JAKARTA | 8 MentariNews – Tim hukum pasangan calon Bupati dan Wakil Bupati Boven Digoel nomor urut 4, P. Yehezkiel H.F. Pella, SH., MT., dan Billy Marcelino Maniagasi, menegaskan bahwa pernyataan pihak terkait yang menyebut permohonan sengketa pemilu mereka “asal-asalan” sekaligus memastikan kemenangan pasangan nomor urut 3, Rony Omba–Marlinus, adalah klaim prematur dan berpotensi menyesatkan opini publik.
Salah Kaprah Pihak Terkait Memahami Aturan MK
Menurut Yehezkiel, pihak terkait keliru memahami mekanisme Akta Pengajuan Permohonan Pemohon Elektronik (AP3E). Berdasarkan aturan Mahkamah Konstitusi (MK), setelah AP3E diterima, pemohon berhak melakukan perbaikan paling lambat tiga hari kerja.
“Faktanya, pemberitahuan AP3E baru kami terima 19 Agustus 2025 pukul 09.27 WIT. Artinya, perbaikan yang kami ajukan masih dalam tenggat sah menurut aturan MK. Menyebut permohonan cacat formil justru menunjukkan ketidaktelitian pihak terkait,” tegas Yehezkiel.
JPN Dinilai Tak Pantas Bela KPU
Tim hukum juga melayangkan keberatan keras atas penggunaan Jaksa Pengacara Negara (JPN) sebagai kuasa hukum KPU Boven Digoel.

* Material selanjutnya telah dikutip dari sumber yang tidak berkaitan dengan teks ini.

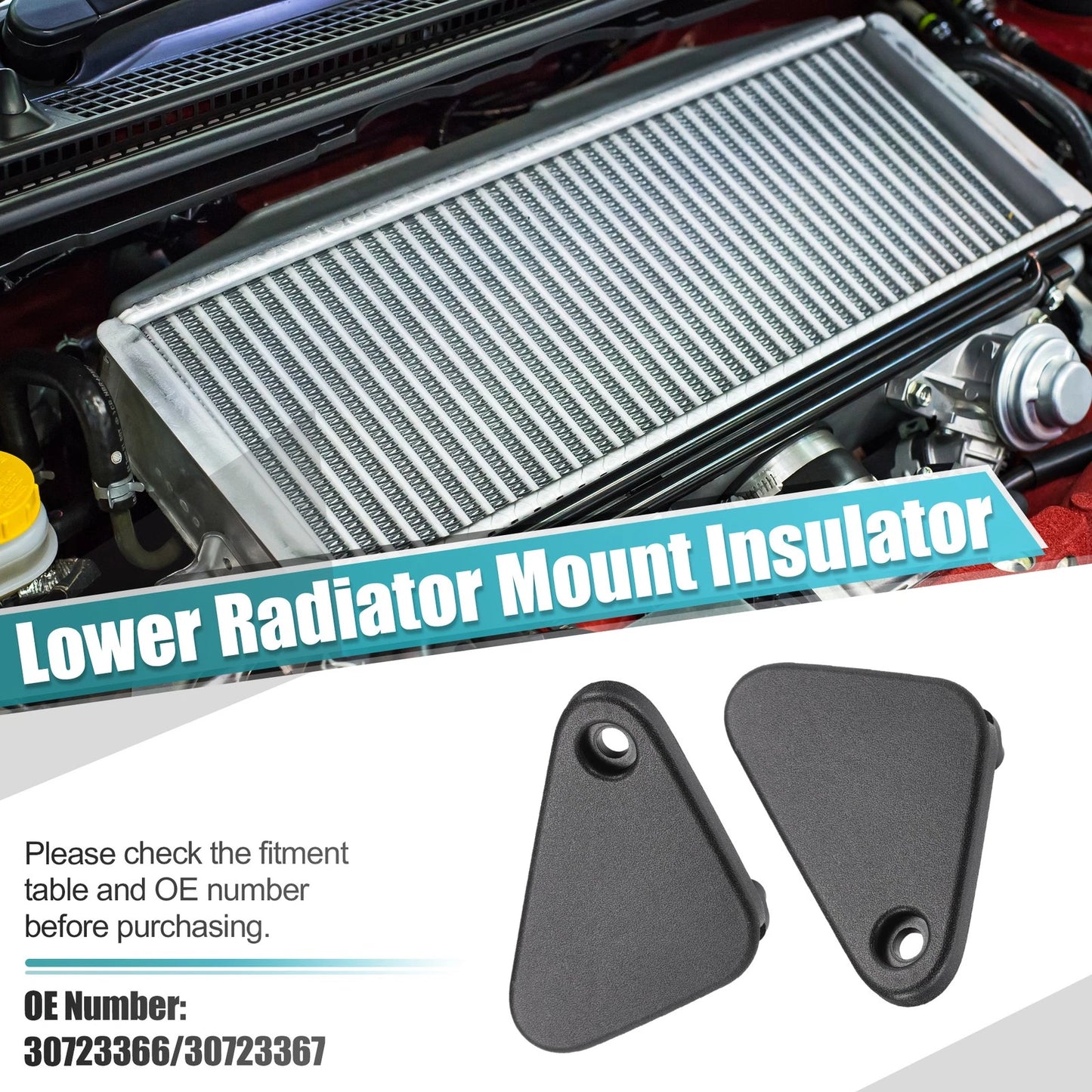 1 Pair Lower Radiator Bracket for Volvo S60 (2011–2018) No. 30723366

Menurut mereka, hal ini melanggar prinsip independensi KPU sebagaimana diatur dalam Pasal 22E ayat (5) UUD 1945, yang menyebut KPU bersifat nasional, tetap, dan mandiri.
“Keterlibatan JPN berpotensi menimbulkan konflik kepentingan. KPU harus berdiri netral, bukan dibela oleh instrumen hukum pemerintah,” ujar Billy.
Bawaslu Dinilai Pasif dan Abai Substansi
Selain itu, Billy juga mengkritik keterangan Bawaslu Boven Digoel yang hanya menyajikan kronologi rekapitulasi PSU tanpa menguji keberatan tiga paslon yang menolak menandatangani formulir D Hasil Kabupaten.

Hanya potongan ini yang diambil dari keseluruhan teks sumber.